Hamadan (ou “Hamedan”, como você pode encontrar em alguns lugares por aí) não estava incluída no meu roteiro pelo Irã. É claro que eu gostaria de visitar a cidade, mas o velho desafio de conciliar tempo e desejos numa viagem me obrigou a passar a faca nos planos, tirando Hamadan do meu mapa.

O destino, porém, fez questão de mexer no meu roteiro e teve uma forte ajuda da minha ingenuidade e inexperiência em viagens de carro. Hoje, eu só tenho a agradecer a estes fatores pela mudança.

Obrigado, destino.

Obrigado, ingenuidade e inexperiência.

*****

As capitais mais famosas do Império Persa são Pasárgada e Persépolis, mas a verdade é que o reino tinha várias cidades com este status. Todas existiam por motivos estratégicos mas algumas eram utilizadas também por suas condições climáticas, para que as cortes reais pudessem viver sempre em temperaturas amenas, mudando para lá e para cá de acordo com as estações do ano. Basicamente, os reis corriam para a capital mais fria no verão e para a capital mais quente no inverno.

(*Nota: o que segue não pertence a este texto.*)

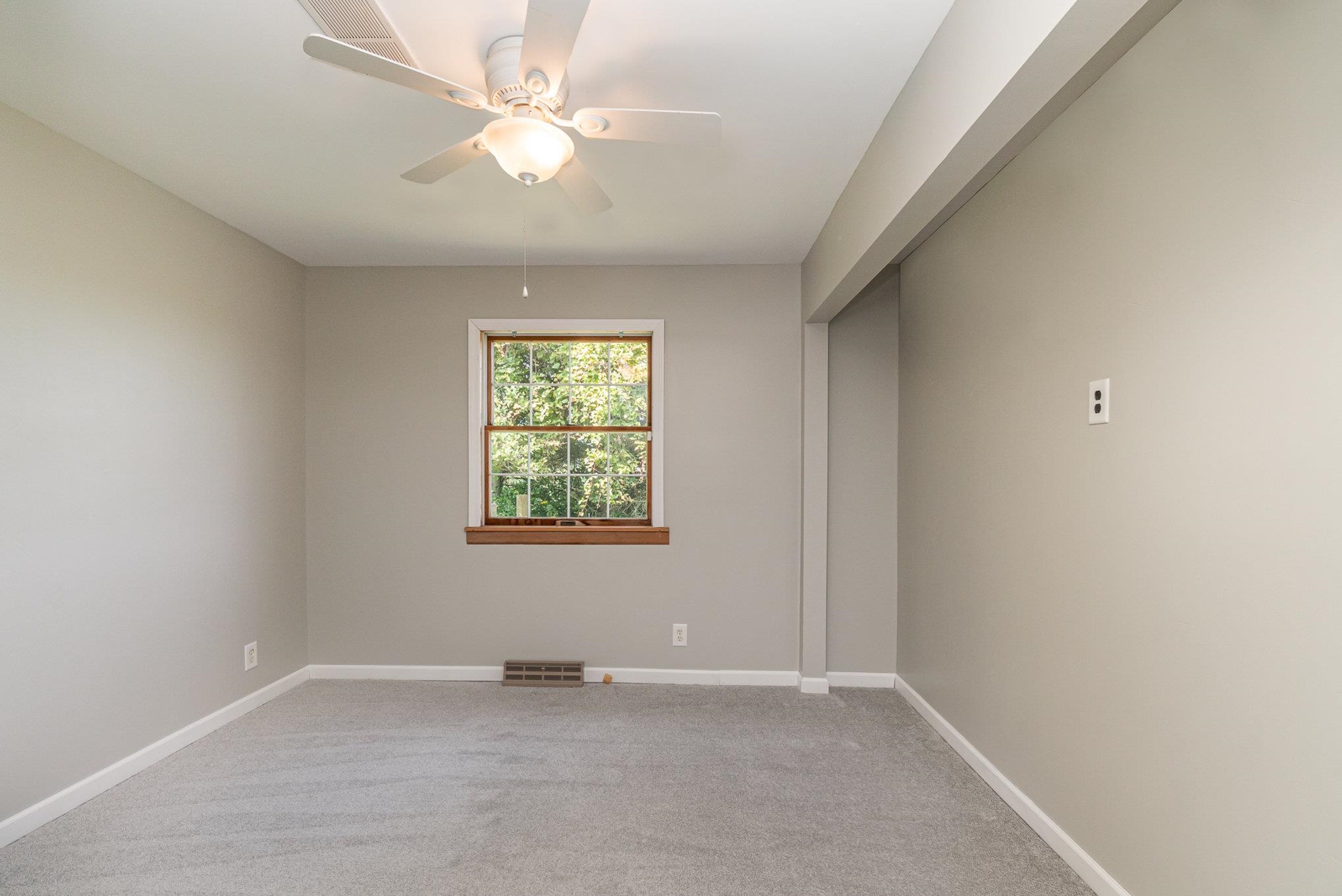 3014 Gabel Road Saginaw, MI 48601 - Photo 18 of 39 50153016-768bee52-2fd5-43e7-b22d-98b583660ac0.JPG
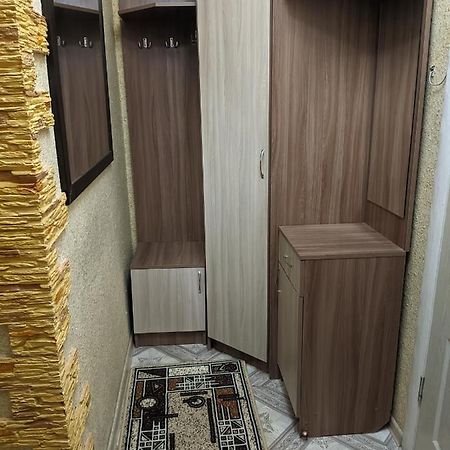 Квартира В Районе Жд Вокзала Shchūchīnsk Exterior foto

Uma destas capitais era Hamadan. Ela tinha uma posição economicamente estratégica e fica em uma região alta e gelada, então foi escolhida como a capital de verão do império persa. Ciro, Dario, Xerxes e tantos outros reis passaram bons tempos nela, mas não foram eles que deram fama ao lugar. Bem antes, a cidade (conhecida pelos gregos como Ecbátana) já era capital de outro reino e considerada uma das mais importantes do mundo. Dizem até que ela tinha sete muralhas de proteção, sendo uma coberta de ouro e prata.

Mapa de Hamadan no século 16 – Matrakçı Nasuh

Infelizmente, a Hamadan de 2014 não tem quase nada de relíquia dos tempos antigos. Ao longo dos seus tantos milênios de existência, ela sofreu destruições, terremotos e reconstruções que acabaram com praticamente qualquer vestígio das glórias do passado. Por isso, mesmo sabendo que os túmulos de Ester e Mordecai estão na cidade – e que são o principal local de peregrinação dos judeus no Irã – eu não pretendia parar por lá.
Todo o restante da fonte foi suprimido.